Abstract

The turbulent catalytic combustion of a fuel-lean hydrogen/air mixture (equivalence ratio ϕ=0.24) was investigated by means of three-dimensional direct numerical simulation (DNS) in a platinum-coated plane channel with a prescribed wall temperature of 960K and an incoming Reynolds number, based on the channel height, of 5700. Heat transfer from the hot catalytic walls laminarized the flow, as manifested by the progressive suppression of the high vorticity components of the flow aligned parallel to the channel walls at increasing streamwise distances. The impact of turbulence suppression on the mass transfer towards or away from the catalytic wall was subsequently assessed.

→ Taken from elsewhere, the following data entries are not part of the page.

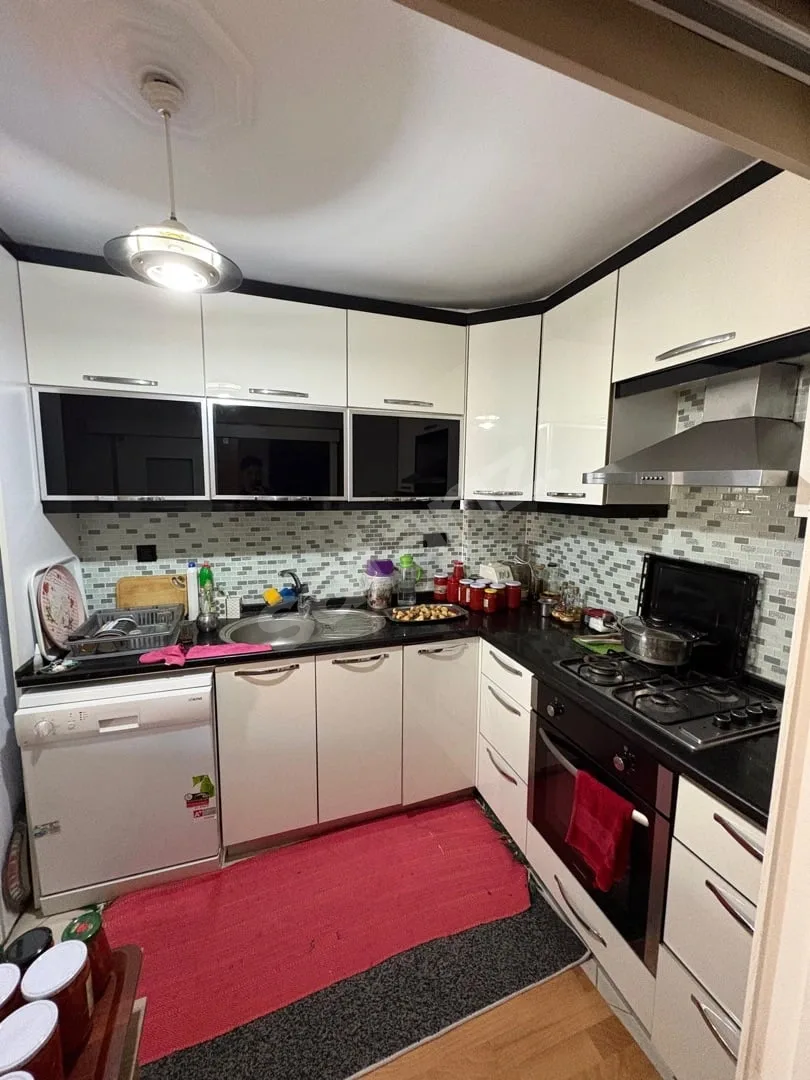 SARUHAN MAHALLESİ MÜZE CİVARI SATILIK 3+1 DAİRE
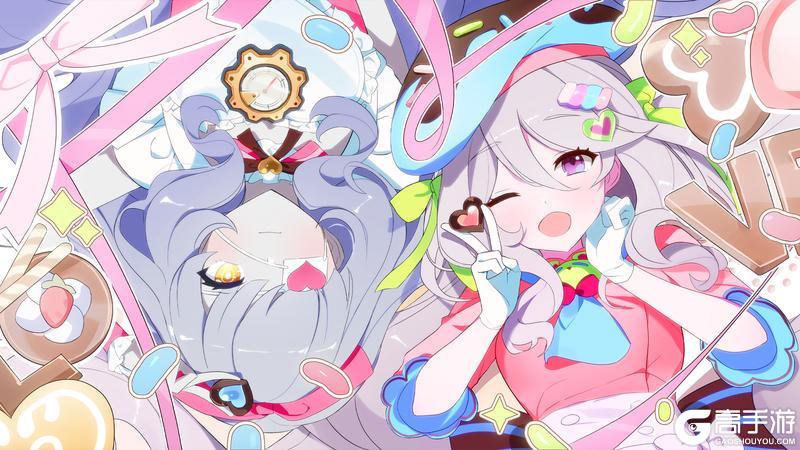 《空灵诗篇》【内含礼包码】情人节系列壁纸放送!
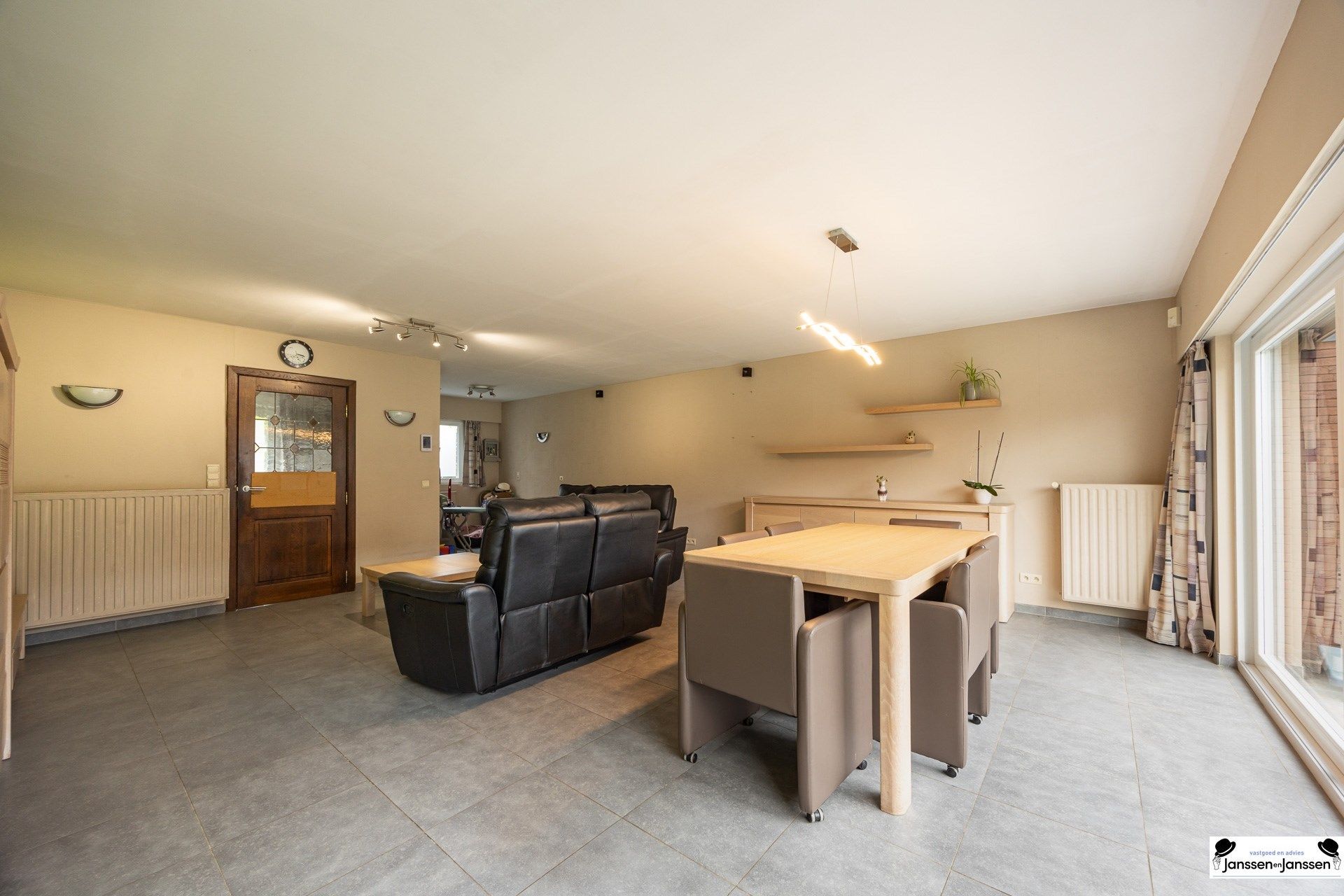 Energiezuinige, instapklare woning met 3à4 slaapkamers in het centrum van Wuustwezel! foto 8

Far upstream where high turbulence fluctuations persisted, the instantaneous local transverse gradient of the limiting hydrogen reactant (a quantity proportional to the catalytic reaction rate) as well as the instantaneous hydrogen concentration at the wall exhibited strong fluctuations by up to 300%, a result of finite-rate chemistry induced by the high inrush events towards the catalytic walls. Fourier analysis of the reaction rate fluctuations yielded peak frequencies of less than 1kHz, values comparable to the thermal response frequencies of typical materials in commercial catalytic geometries. This has direct implications on the thermal stress of the reactor walls as well as on the decoupling between flow and solid thermal modeling currently used in practical catalytic reactors. Far downstream, the dampening of turbulence resulted in weaker hydrogen concentration fluctuations with nearly symmetric distributions. Finally, computed transverse turbulent species fluxes indicated inherent weaknesses of near-wall turbulence models in describing turbulent transport of species with disparate molecular diffusivities.